Slogan bence sorunlu evet; ama bir yandan da görüyorum ki sloganın ardındaki duruş da slogan kadar sorunlu. Alternatif üretmeyen, problemin asıl kaynağına işaret etmeyen bir karşı çıkış bu. Politik doğruculuk uğruna kimsenin söylemeye yanaşmadığını açıkça söyleyeceğim. Burada herkesin etrafından dolandığı ama bir türlü dokunmadığı temel sorun, Kültür Park için üretilen tasarımın dişe dokunur hiçbir yeni şey söylemiyor oluşudur maalesef. Elbette ortaya böyle vasat bir iş çıkmasının sorumlusu yalnızca müellif olamaz. Az önce de anlatmaya çalıştığım gibi iyi proje için iyi kurgulanmış bir süreç gerekir. Kapalı, şeffaflıktan uzak, farklı angajmanların esiri olmuş bir proje elde etme sürecinin sonucunda çağdaş dünya standartlarında niteliklere sahip bir ürün beklemek saflık olurdu doğrusu.
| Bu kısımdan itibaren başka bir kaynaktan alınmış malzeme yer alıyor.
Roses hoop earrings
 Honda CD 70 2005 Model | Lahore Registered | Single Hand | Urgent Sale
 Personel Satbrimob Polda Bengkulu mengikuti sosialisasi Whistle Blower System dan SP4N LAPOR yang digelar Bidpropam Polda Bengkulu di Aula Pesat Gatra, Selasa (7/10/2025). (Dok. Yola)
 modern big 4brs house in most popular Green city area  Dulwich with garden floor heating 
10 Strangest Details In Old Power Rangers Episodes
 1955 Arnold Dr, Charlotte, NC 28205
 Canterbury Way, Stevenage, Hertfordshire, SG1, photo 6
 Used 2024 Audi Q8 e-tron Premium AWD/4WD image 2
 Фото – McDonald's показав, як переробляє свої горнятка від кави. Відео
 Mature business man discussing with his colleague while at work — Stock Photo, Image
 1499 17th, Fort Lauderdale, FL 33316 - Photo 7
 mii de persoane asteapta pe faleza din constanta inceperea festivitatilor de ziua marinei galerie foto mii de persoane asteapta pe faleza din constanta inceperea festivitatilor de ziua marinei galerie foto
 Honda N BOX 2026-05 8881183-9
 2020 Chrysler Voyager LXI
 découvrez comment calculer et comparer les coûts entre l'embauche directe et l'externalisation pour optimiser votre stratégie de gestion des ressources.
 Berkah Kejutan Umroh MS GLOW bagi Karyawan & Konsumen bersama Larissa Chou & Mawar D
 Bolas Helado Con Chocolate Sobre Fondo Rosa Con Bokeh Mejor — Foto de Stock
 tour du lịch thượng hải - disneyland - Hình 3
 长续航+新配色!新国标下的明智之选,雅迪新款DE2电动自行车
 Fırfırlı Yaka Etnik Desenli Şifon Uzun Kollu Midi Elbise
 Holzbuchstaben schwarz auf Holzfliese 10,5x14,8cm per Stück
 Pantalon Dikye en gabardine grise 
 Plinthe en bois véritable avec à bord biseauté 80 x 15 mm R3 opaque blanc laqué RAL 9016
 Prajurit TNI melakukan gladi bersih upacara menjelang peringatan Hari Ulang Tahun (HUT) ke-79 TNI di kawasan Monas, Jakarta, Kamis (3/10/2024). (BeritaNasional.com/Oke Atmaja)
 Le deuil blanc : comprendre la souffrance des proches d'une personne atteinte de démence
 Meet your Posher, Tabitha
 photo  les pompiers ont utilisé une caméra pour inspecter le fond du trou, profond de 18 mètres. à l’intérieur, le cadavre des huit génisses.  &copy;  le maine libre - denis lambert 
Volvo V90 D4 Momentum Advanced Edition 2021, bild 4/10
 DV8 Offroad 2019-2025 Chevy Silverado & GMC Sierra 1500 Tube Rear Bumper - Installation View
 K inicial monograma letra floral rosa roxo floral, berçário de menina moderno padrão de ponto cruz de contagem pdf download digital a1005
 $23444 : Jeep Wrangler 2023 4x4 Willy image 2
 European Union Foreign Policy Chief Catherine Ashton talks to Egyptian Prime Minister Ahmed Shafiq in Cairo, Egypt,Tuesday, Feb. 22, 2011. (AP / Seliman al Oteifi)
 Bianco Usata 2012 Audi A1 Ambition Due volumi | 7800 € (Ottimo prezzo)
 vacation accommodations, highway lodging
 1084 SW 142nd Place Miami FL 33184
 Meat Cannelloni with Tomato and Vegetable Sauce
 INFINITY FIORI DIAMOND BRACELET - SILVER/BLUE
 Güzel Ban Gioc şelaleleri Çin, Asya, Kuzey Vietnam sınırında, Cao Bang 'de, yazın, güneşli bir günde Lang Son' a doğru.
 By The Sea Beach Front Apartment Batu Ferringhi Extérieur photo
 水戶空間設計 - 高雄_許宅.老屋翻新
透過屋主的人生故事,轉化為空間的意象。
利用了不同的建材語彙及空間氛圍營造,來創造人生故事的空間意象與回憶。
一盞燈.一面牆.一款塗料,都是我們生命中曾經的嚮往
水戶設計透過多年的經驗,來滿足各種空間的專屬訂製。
Türkiye’de özellikle mimarlık alanında meslektaşlar arasında sanki görünmez bir eleştiri duvarı var. Ortada kamuyu doğrudan ilgilendiren bir konu olmadıkça da bu duvar asla aşılmıyor. Bunun en yakın örneği Haliç Tersanesi işi sanırım. Oradaki proje müelliflerine karşı koparılan kıyametin -ki ortada proje dahi yokken- bir benzerinin burada Kültür Park projesi müellifi için koparılması gerekirken kimseden çıt çıkmıyor. Kimseden çıt çıkmadığı ve eleştirinin ekseninin yanlış yöne kaydığı bir ortamda da tepkileri asıl üstüne alınması gereken aktör olan proje müellifi, akıllıca davranarak olanı biteni görmezden geliyor olsa gerek. Kimse proje eleştirisi yapmıyor ki, müellif çıkıp projesini savunsun. Ağaçların derdinde herkes. Bütün tartışma yeşil alan meselesi üzerinden yürüyor. Hal böyle olunca da ağaçlar ve yeşil alan konusunda elinden geleni yaptığını düşünen yerel yönetim de savunmasını bu kanaldan kuruyor. Müellif ise doğal olarak hiç bu topa girmiyor bile. Fakat ne olursa olsun, kentlileri bu kadar yakından ilgilendiren bir konunun tasarımının emanet edildiği proje müellifinin çıkıp göğsünü gere gere savunması beklenir projesini. Eğer Kültür Park gibi bir alanı tasarlamaya yetkin bir müellifseniz -ki bu çaptaki bir işi aldığınıza göre yetkinlikle ilgili bir sorun olmasa gerek- tasarımla ilgili tüm sorumluluğu da baştan kabul etmişsiniz demektir.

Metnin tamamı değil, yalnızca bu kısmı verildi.